American vaudeville duo

The Two Bobs were an American vaudeville duo who performed successfully in British music halls, and recorded, in the early twentieth century. They were Robert Lee Alden (1876-1932) and Robert Joseph Adams (1874-1948).

==Biography==
Bob Adams and Bob Alden met and joined forces when they were both performing in shows in Chicago. They wrote and sang songs such as "My Girl in Dixie" and "You've Met All Comers But You've Just Met Me", and performed together on stage in New York City in the late 1890s before touring on the vaudeville circuit around the United States.
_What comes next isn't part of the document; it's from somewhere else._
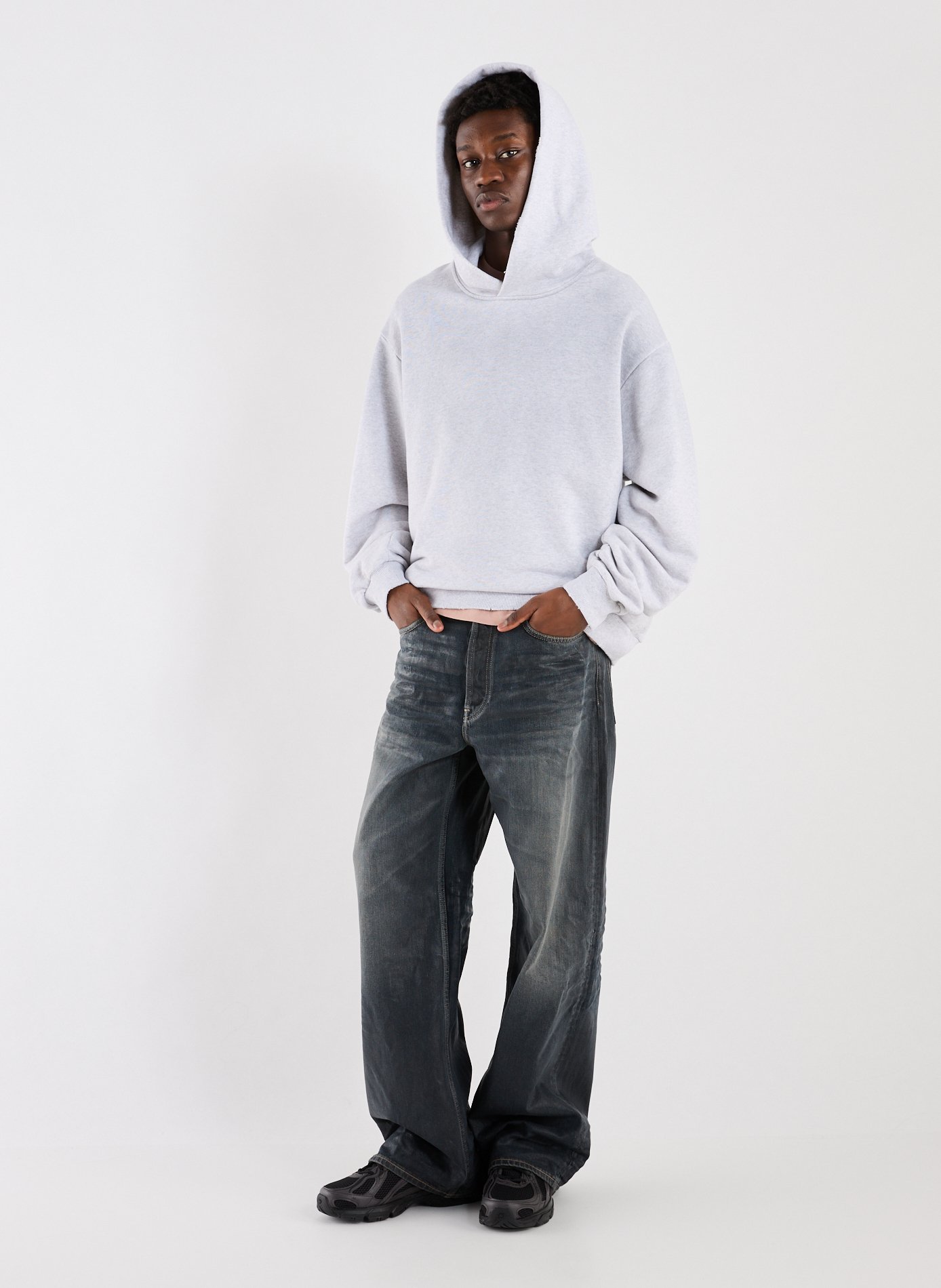 Hoodie en coton mélangé ACNE STUDIOS Gris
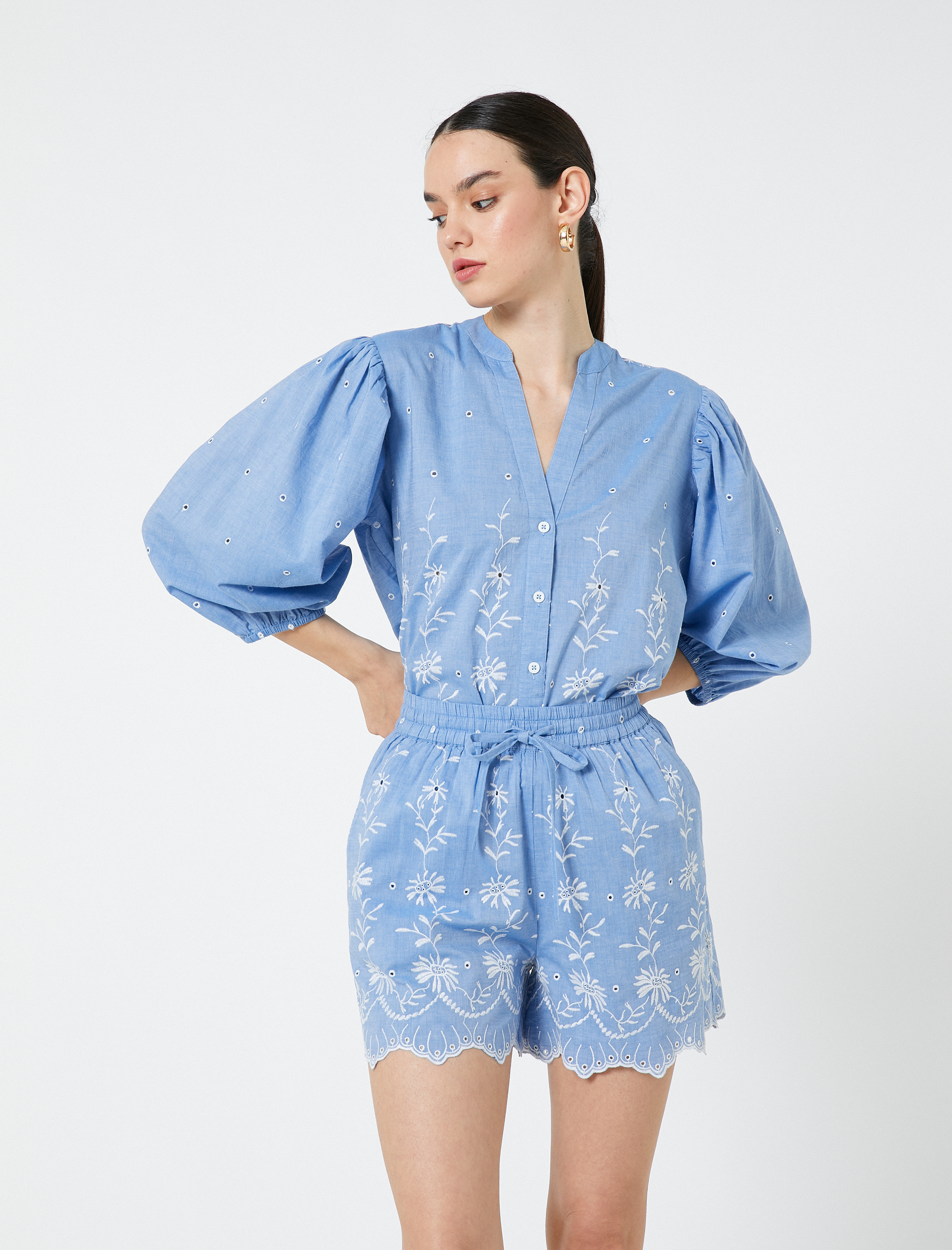   Fisto Gömlek Balon Kol Hakim Yaka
After a journalist misinterpreted a passing comment as meaning that they were about to travel to England, and published it as fact, they decided to do that, and found work at Charles Morton's Tivoli Theatre in London.

They became successful in London as singers and comic entertainers, and toured in Britain and, in 1914, Australia. From 1912, the Two Bobs recorded in Britain for the Columbia Phonograph Company, and introduced such American songs as "Alexander's Ragtime Band", "Casey Jones", and "Waiting for the Robert E. Lee". From 1916, they recorded for Edison Bell's 'The Winner' label. They wrote many of their own songs, and increasingly focused on novelty songs. They also wrote with English songwriters Bert Lee and R. P. Weston, and found success with "When Paderewski Plays" (1916) and with "Paddy McGinty's Goat", a song which they recorded and which was popularised in the 1960s by singer Val Doonican.

Adams married the French-born violinist and entertainer Odette Myrtil in 1917, and returned to the U.S.; they later divorced. After he returned to England, he ran a club in Maidenhead, Berkshire.
Alden and Adams continued to perform together in England until at least 1927.

Alden died in London in 1932, aged 55. Adams died in 1948, aged 74.